The Evolution of Ressence's Watchmaking Philosophy
In the world of luxury watchmaking, where artistry and innovation reign supreme, Ressence has carved its unique path. Founded by Belgian industrial designer Benoît Mintiens in 2010, the brand has always approached timepiece creation from a distinct perspective.
A Different Starting Point
Mintiens challenges the traditional watchmaker's mindset, which often begins with the movement. He asserts, "At Ressence, we prioritize industrial design. We design the relationship, function, and then the system." This philosophy sets the brand apart, emphasizing the user experience and aesthetics before the mechanics.
The 16-Year Journey to an In-House Movement
Ressence's introduction of its first in-house movement, the Ressence Werk RW-01, after 16 years is a testament to this unique approach. While many watchmakers strive for in-house movements from the outset, Ressence focused on perfecting its signature Orbital Convex System (ROCS). This system, with its curved rotating discs, offers a fresh take on time display.
The RW-01, designed specifically for ROCS, marks a significant milestone. It addresses previous challenges, such as thickness and winding difficulties, associated with adapting off-the-shelf movements. Mintiens' belief in creating a purpose-built movement is a bold statement in an industry where watch enthusiasts often equate in-house movements with quality.
Navigating the Movement Supply Landscape
The story takes an intriguing turn when considering the broader industry context. The Swatch Group's decision to limit movement supply to competitors over a decade ago disrupted the market. This move forced major players like Richemont and LVMH to invest heavily in movement creation, often leading to price increases without substantial performance gains.
Mintiens offers a critical perspective, suggesting that the term 'manufacture' was a marketing ploy to justify price hikes. This insight highlights a potential disconnect between the industry's practices and consumer perceptions. It's a delicate balance between innovation, cost, and the expectations set by traditional watchmaking norms.

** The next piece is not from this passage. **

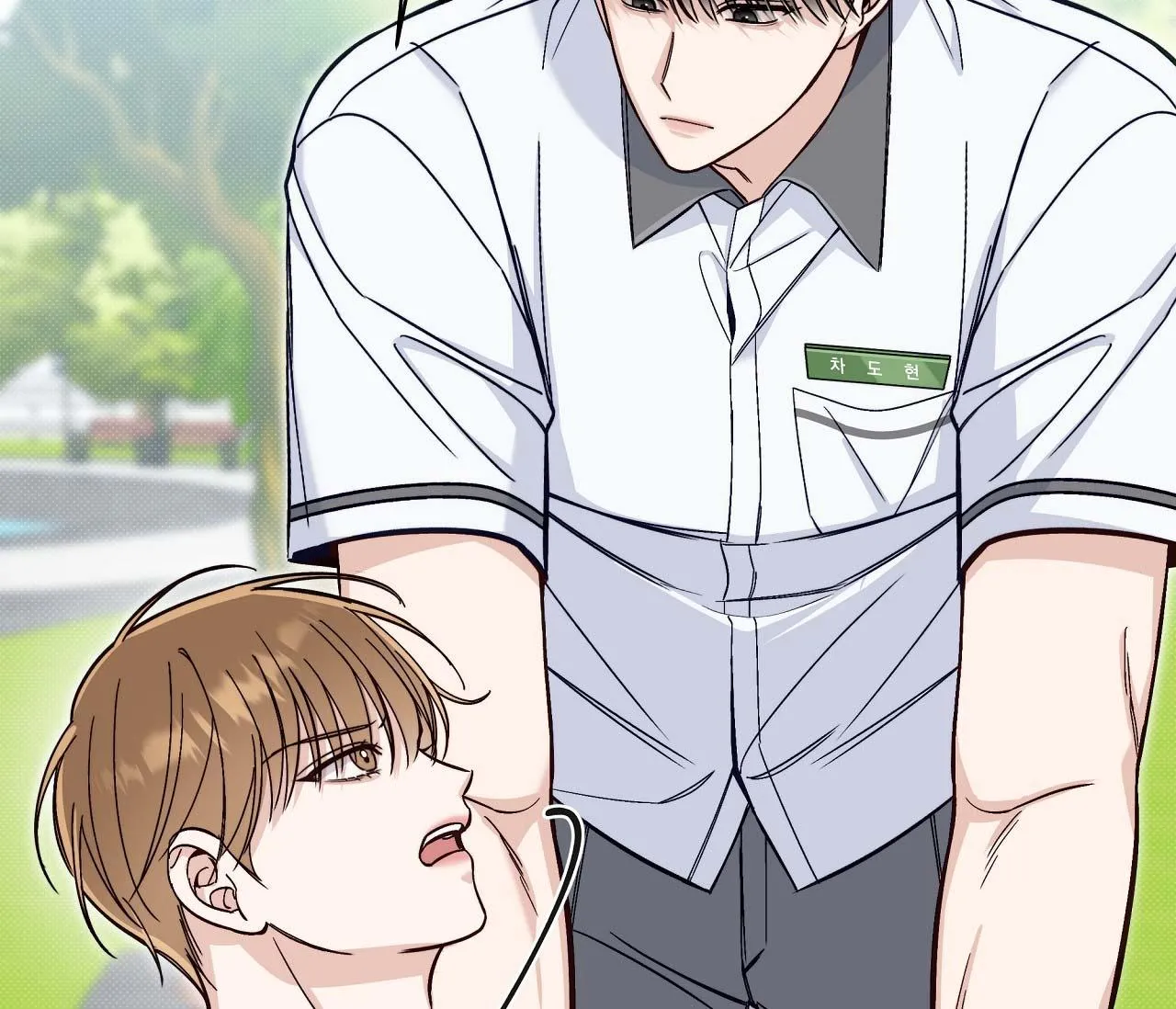 (END) MÙA HÈ NĂM ẤY Chapter 21 Trang 88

A Bespoke Movement, a Controlled Budget
Ressence's approach to securing its bespoke movement is equally fascinating. Mintiens, determined to avoid significant price increases, approached suppliers with a strict budget. Concepto, a Swiss company, rose to the challenge, allowing Mintiens to design the movement's architecture. This triangular design is a departure from the typical round movements, showcasing Ressence's commitment to innovation.
The Type 11, featuring the RW-01, embodies this innovative spirit. Its quirky power reserve indication, using ceramic micro-balls, and modern color palette are testaments to Ressence's design philosophy. The watch's pricing, at £22,000, reflects a careful balance between exclusivity and accessibility.

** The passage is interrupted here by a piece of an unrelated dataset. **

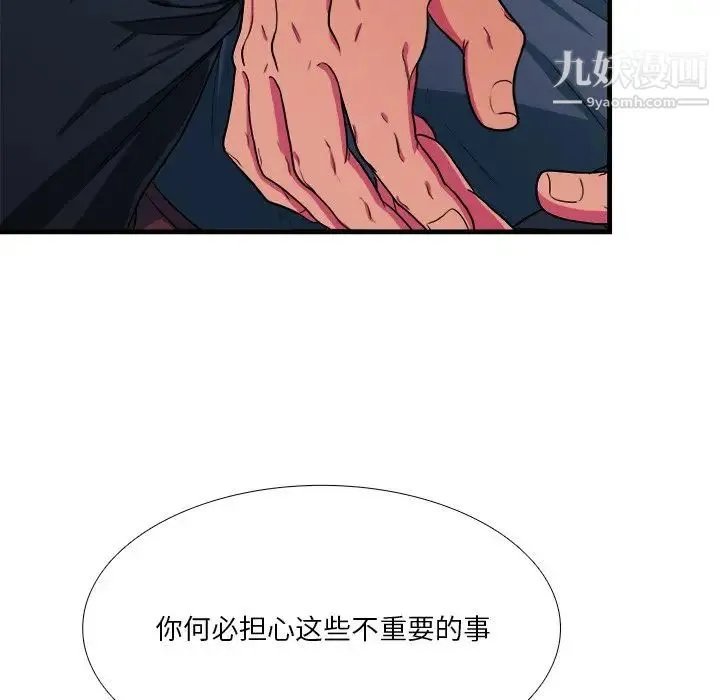 似同非同 第7话 第50页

Looking Ahead: Ressence's Future
Mintiens' vision for Ressence's future is both ambitious and pragmatic. With plans to produce 750 RW-01 movements annually within three years, the brand aims for growth while maintaining its unique identity. The continued use of outsourced movements for entry-level pieces underscores a strategic approach to market positioning.
As Ressence navigates the next five years, it aims to establish itself further without compromising its core values. Mintiens' words, "We have to blend in without being the same," capture the essence of the brand's journey. It's about evolution, staying true to its design-centric philosophy, and offering a fresh perspective in a traditional industry.
In conclusion, Ressence's 16-year journey to its first in-house movement is a study in patience, innovation, and strategic brand development. It challenges conventional watchmaking norms, offering a unique blend of industrial design and horological craftsmanship. This story is a reminder that in the world of luxury watches, the path to success can be as intriguing as the timepieces themselves.